Measurements of peri-prostatic adipose tissue by MRI predict bone metastasis in patients with newly diagnosed prostate cancer

Front Oncol. 2024 Apr 26:14:1393650. doi: 10.3389/fonc.2024.1393650. eCollection 2024.

Abstract

Objectives: To investigate the role of MRI measurements of peri-prostatic adipose tissue (PPAT) in predicting bone metastasis (BM) in patients with newly diagnosed prostate cancer (PCa).

Methods: We performed a retrospective study on 156 patients newly diagnosed with PCa by prostate biopsy between October 2010 and November 2022. Clinicopathologic characteristics were collected. Measurements including PPAT volume and prostate volume were calculated by MRI, and the normalized PPAT (PPAT volume/prostate volume) was computed. Independent predictors of BM were determined by univariate and multivariate logistic regression analysis, and a new nomogram was developed based on the predictors. Receiver operating characteristic (ROC) curves were used to estimate predictive performance.

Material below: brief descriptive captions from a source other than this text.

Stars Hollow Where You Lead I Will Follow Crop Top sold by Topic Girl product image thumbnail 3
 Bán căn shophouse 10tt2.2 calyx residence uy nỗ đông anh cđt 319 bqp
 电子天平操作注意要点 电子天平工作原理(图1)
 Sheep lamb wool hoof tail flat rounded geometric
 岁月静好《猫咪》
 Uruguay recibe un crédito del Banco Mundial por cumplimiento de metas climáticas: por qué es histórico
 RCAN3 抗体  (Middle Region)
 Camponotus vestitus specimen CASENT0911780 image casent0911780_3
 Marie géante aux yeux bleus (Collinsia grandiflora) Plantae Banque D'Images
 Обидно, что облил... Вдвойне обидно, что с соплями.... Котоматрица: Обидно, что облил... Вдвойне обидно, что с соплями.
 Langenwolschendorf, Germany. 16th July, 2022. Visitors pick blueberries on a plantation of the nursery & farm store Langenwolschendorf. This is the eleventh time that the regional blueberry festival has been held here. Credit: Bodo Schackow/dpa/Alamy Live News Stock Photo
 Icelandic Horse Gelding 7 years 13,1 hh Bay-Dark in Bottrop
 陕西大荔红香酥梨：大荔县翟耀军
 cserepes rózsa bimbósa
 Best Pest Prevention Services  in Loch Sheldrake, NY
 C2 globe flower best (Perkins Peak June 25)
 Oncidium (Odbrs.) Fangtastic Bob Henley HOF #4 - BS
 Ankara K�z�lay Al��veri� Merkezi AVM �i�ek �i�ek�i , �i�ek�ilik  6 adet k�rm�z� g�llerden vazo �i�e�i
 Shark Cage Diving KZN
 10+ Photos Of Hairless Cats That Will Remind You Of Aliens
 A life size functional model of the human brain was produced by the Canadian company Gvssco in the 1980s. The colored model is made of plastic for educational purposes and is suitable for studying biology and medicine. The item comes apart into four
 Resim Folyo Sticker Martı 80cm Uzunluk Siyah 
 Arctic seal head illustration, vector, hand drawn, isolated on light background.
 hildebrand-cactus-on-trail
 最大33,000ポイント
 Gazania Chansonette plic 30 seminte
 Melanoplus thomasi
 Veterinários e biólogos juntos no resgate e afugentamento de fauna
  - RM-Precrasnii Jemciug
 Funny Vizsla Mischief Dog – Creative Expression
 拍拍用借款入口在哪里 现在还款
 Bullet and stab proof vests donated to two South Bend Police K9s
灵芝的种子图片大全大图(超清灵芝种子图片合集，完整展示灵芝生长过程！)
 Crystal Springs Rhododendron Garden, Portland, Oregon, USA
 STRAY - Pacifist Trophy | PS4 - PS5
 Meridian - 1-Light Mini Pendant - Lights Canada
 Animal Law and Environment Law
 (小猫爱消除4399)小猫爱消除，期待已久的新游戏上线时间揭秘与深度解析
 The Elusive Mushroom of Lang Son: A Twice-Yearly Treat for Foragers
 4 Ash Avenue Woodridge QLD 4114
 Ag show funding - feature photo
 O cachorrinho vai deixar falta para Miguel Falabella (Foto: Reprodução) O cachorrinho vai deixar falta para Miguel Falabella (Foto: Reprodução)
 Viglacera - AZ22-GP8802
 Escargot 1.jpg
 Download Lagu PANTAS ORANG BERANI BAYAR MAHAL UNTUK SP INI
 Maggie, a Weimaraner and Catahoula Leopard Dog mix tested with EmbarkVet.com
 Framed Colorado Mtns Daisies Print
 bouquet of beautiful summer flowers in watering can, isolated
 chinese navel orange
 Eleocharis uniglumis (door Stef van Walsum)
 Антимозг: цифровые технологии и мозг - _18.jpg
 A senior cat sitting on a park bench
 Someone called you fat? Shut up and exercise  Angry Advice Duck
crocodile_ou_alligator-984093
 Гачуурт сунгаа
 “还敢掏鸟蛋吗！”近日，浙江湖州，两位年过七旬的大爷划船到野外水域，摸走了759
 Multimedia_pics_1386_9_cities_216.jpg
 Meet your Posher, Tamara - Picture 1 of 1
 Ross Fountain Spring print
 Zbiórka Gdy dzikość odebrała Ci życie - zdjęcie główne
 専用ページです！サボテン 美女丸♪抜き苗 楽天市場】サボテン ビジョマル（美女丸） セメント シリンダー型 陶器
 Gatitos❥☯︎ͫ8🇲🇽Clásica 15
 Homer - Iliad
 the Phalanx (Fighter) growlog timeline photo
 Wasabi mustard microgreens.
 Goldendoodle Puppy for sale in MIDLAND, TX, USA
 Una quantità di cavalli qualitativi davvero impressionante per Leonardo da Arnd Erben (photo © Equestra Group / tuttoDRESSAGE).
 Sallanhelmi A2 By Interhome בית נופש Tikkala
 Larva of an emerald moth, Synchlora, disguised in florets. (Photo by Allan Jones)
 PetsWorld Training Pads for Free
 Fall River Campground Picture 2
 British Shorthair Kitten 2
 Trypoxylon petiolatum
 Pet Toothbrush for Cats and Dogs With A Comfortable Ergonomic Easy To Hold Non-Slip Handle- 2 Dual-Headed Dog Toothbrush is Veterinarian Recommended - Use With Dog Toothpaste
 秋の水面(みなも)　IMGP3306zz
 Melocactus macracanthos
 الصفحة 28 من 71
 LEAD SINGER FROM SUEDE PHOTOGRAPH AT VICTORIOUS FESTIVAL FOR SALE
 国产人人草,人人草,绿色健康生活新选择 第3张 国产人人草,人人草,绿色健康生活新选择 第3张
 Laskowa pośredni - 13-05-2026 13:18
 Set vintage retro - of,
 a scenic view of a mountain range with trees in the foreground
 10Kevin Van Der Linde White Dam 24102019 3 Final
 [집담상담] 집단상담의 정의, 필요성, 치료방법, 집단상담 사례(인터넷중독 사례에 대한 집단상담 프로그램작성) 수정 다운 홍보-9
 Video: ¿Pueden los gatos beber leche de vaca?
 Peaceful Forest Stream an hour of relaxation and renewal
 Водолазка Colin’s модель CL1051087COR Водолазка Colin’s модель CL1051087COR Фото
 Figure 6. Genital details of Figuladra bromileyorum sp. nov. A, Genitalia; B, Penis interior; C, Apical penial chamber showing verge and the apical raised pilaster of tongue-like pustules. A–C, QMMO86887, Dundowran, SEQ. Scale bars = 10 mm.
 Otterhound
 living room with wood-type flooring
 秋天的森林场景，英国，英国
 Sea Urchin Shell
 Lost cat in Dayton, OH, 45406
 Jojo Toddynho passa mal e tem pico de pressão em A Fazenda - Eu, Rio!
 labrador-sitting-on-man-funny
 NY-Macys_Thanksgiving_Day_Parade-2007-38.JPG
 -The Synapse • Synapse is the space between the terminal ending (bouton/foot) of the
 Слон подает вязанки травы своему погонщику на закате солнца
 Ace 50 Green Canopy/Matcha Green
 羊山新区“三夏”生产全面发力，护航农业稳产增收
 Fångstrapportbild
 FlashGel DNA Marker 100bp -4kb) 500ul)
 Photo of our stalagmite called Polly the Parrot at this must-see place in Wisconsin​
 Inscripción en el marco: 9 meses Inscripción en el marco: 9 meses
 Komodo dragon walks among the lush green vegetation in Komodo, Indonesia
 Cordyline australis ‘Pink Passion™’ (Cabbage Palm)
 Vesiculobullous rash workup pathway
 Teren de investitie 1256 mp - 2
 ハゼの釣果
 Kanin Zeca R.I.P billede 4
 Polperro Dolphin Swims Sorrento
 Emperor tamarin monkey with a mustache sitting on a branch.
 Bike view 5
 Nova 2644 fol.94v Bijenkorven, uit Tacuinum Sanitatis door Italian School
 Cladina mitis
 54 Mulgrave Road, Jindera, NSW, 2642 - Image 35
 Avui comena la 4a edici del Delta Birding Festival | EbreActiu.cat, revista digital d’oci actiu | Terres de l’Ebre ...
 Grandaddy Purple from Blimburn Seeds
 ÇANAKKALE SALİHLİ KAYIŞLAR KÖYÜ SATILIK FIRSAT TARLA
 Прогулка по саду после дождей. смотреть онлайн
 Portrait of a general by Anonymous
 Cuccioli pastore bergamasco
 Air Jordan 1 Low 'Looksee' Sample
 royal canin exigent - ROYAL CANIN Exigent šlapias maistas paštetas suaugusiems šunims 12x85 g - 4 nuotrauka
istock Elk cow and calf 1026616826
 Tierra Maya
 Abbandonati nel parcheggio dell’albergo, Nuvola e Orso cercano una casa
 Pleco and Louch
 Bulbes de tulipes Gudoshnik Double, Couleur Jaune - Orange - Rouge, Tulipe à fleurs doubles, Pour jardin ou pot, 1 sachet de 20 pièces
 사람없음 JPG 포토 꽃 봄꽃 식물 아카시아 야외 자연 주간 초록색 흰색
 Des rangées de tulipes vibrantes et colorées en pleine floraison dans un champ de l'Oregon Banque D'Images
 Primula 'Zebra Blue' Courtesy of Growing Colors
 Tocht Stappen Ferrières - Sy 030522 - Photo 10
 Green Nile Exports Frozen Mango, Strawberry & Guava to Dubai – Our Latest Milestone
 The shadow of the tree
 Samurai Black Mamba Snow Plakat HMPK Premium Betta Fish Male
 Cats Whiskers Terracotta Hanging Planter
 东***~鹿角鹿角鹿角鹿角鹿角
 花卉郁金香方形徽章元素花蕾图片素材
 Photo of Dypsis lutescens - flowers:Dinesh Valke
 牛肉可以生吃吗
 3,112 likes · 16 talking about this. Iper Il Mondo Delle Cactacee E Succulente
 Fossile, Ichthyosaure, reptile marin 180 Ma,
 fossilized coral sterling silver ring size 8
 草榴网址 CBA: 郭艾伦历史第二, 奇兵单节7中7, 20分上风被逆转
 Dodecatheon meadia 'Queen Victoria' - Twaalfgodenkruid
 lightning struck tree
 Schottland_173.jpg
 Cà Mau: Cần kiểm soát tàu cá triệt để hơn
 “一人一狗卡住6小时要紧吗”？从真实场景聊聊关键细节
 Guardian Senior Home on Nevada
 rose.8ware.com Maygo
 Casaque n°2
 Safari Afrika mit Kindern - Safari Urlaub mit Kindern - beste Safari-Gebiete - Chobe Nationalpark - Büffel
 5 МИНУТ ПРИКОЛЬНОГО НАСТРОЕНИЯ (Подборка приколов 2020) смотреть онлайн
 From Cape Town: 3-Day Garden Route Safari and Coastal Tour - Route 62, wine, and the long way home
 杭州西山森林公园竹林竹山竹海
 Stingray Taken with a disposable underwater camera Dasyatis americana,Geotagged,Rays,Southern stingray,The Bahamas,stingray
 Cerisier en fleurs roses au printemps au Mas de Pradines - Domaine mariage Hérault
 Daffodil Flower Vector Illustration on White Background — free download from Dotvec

Results: PPAT and normalized PPAT were associated with BM (P<0.001). Normalized PPAT positively correlated with clinical T stage(cT), clinical N stage(cN), and Grading Groups(P<0.05). The results of ROC curves indicated that PPAT and normalized PPAT had promising predictive value for BM with the AUC of 0.684 and 0.775 respectively. Univariate and multivariate analysis revealed that high normalized PPAT, cN, and alkaline phosphatase(ALP) were independently predictors of BM. The nomogram was developed and the concordance index(C-index) was 0.856.

Conclusions: Normalized PPAT is an independent predictor for BM among with cN, and ALP. Normalized PPAT may help predict BM in patients with newly diagnosed prostate cancer, thus providing adjunctive information for BM risk stratification and bone scan selection.

Keywords: MRI; metastasis; nomogram; peri-prostatic adipose tissue; prostate cancer.

Grants and funding

The author(s) declare financial support was received for the research, authorship, and/or publication of this article. This work was financially supported by the National Natural Science Foundation of China (82072831).